But AV is also an obscure system. Just three countries use it – Papua New Guinea, Fiji and Australia – and in Australian 6 out of 10 voters want to get rid of it! Compare that to our own First-Past-the-Post system, which is so simple, clear and decisive and used by 2.4 billion people around the world.

As for this idea being peddled about that it will fix our broken politics. What utter rubbish! AV will make no difference in current safe seats,such as the 225 seats where the winner got more than 50 per cent of the vote in 2010. Another 74 seats where the winner had a majority of more than 20 per cent would almost certainly also be safe under AV, making a total of at least 291 seats that would be completely unaffected

But more than anything, AV doesn’t work. Rather than the candidate who receives the most votes winning the election, the person who finished third could be declared the winner. Look at the winners of the 2011 Grand National: the horse that was first past the post and declared winner was Ballabriggs but under an AV system the 3rd horse could have collected the prize, incidentally that horse was called: Don’t push it!

With First Past the Post, everybody gets one vote. But under AV, supporters of extreme parties like the BNP would get their vote counted many times, while people who vote for one of the mainstream Labour or Conservative candidates would only get their vote counted once. Is that fairer? I don’t think so.
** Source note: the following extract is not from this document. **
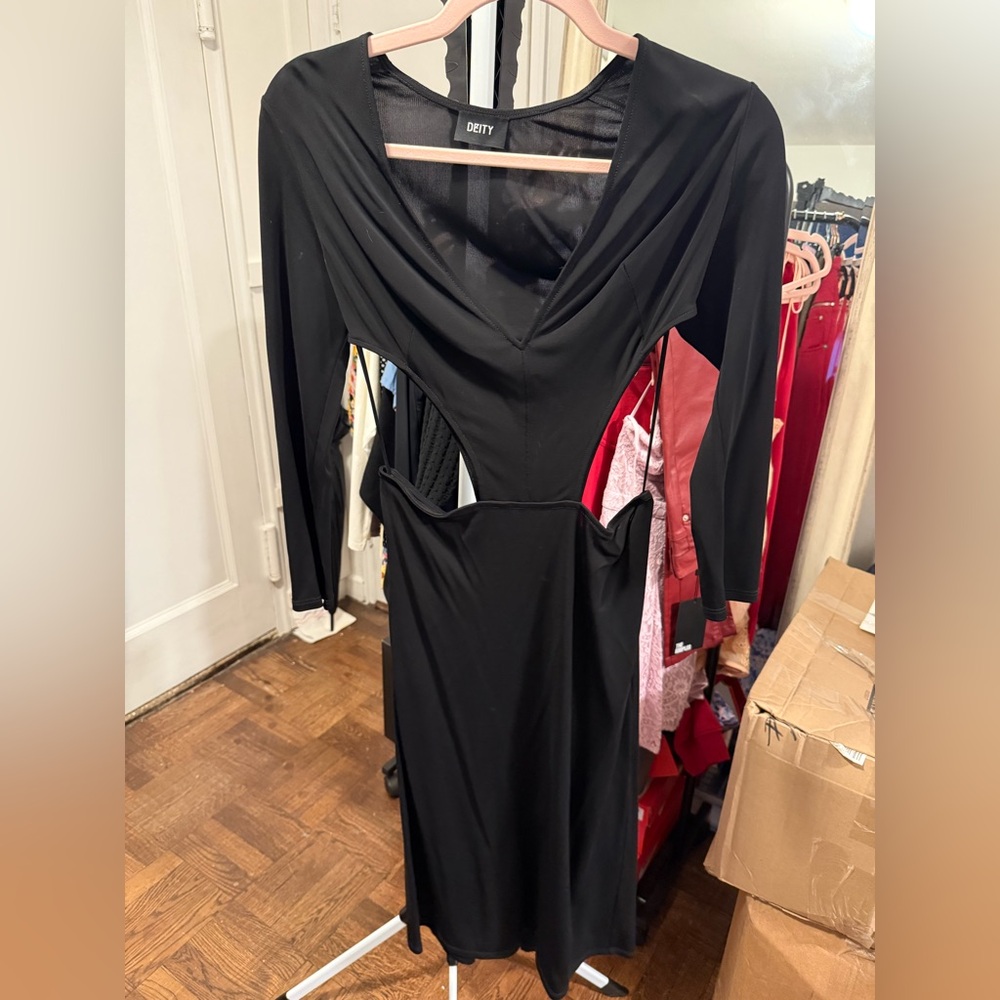 NWT DEITY CUT OUT DRESS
Here’s another example: AV meant that Labour didn’t get the leader they wanted.Ed Miliband only won the leadership election because of redistributed votes from failed candidates. In the first round Ed Miliband gained 34.33 per cent of the vote in comparison to his brother David who gained 37.78 per cent. Following the redistribution of votes, over 4 rounds the final result Ed Miliband had gained 50.65 per cent of the vote to David’s 49.35 per cent.  It is worth noting here that despite his public endorsement of AV Ed Miliband has not been able to convince his party of its merits, with over 200 Labour MPs and Peers signed up to the NO to AV campaign.

The other outcome of an AV system is that Hung Parliaments could become commonplace with more haggling and horse-trading between politicians. As the Prime Minister has said, while hung Parliaments can bring parties together in the national interest, as it did last May, the expectation of a hung parliament -- if it becomes the norm rather than exception -- would make Party manifestos irrelevant and cause more horse-trading between politicians, both before and after elections. No wonder the Liberal democrats favour it, they get to be the kingmakers, even when they are unelected to do so.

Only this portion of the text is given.